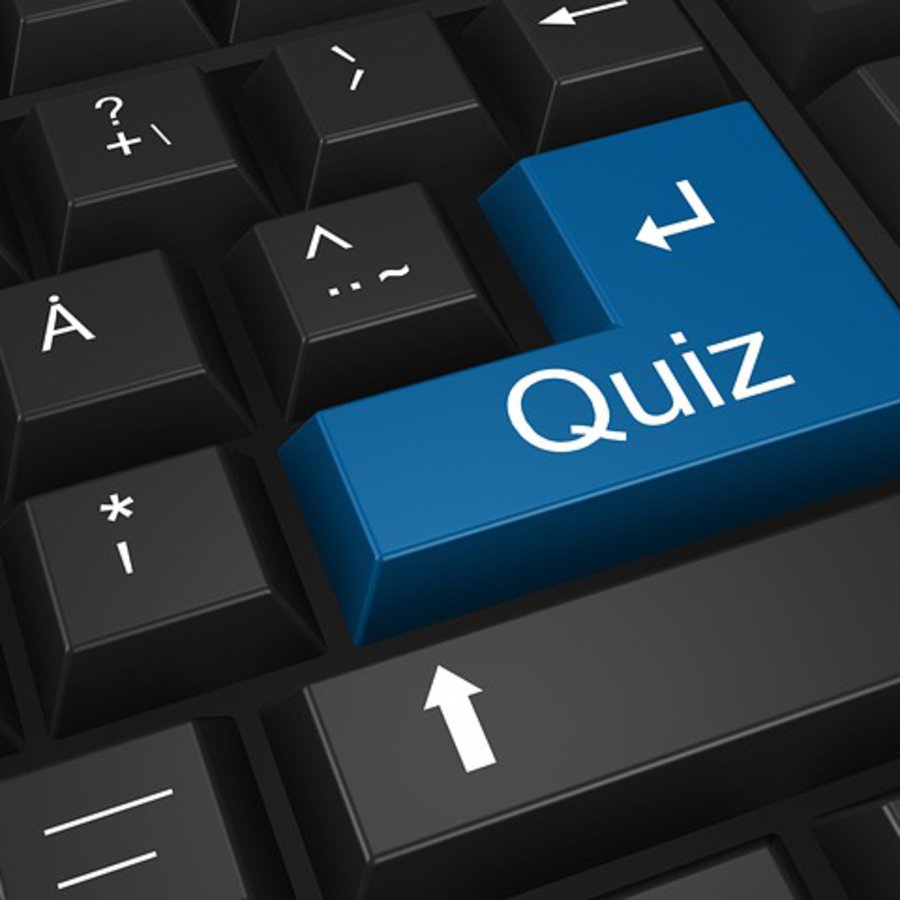 Die Grafik zeigt einen Ausschnitt einer Tastatur, bei der die Entertaste blau und mit "Quiz" beschriftet ist.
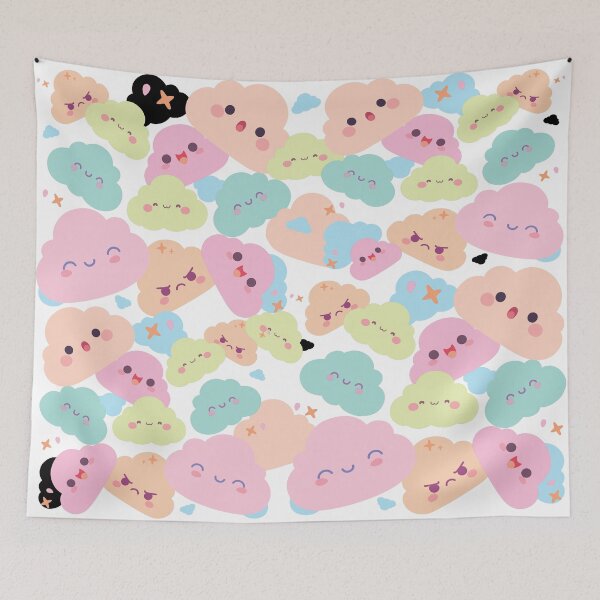 Item preview, Happy Pastel Clouds – Kawaii Sky Pattern designed and sold by ForcePrint.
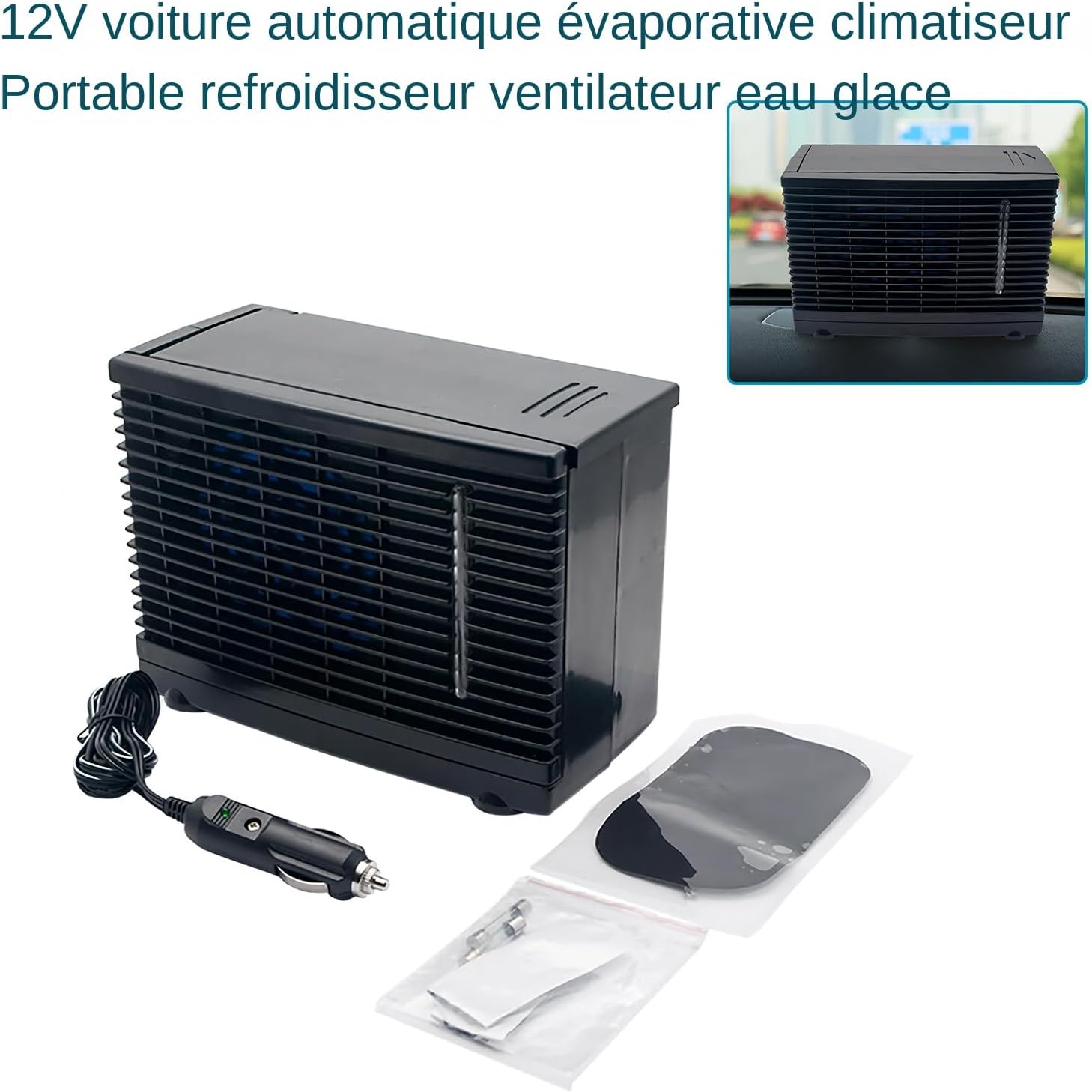  Climatiseur Ventilateur Portable Pour Voiture, Souffleur D'Air Portable Pour Voiture, Rafraîchisseur D'Air Évaporatif 12V Pour Camion Camping-Car Voyage Sous-Sol Chambre Garage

INSTRUCTIONS TO FOLLOW:
Return the lines exactly, from the one containing "Item preview, Happy" through the last line above, including both ends and excluding every picture.

PROBLEM SOLUTION:
 Item preview, Happy Pastel Clouds – Kawaii Sky Pattern designed and sold by ForcePrint.
  Climatiseur Ventilateur Portable Pour Voiture, Souffleur D'Air Portable Pour Voiture, Rafraîchisseur D'Air Évaporatif 12V Pour Camion Camping-Car Voyage Sous-Sol Chambre Garage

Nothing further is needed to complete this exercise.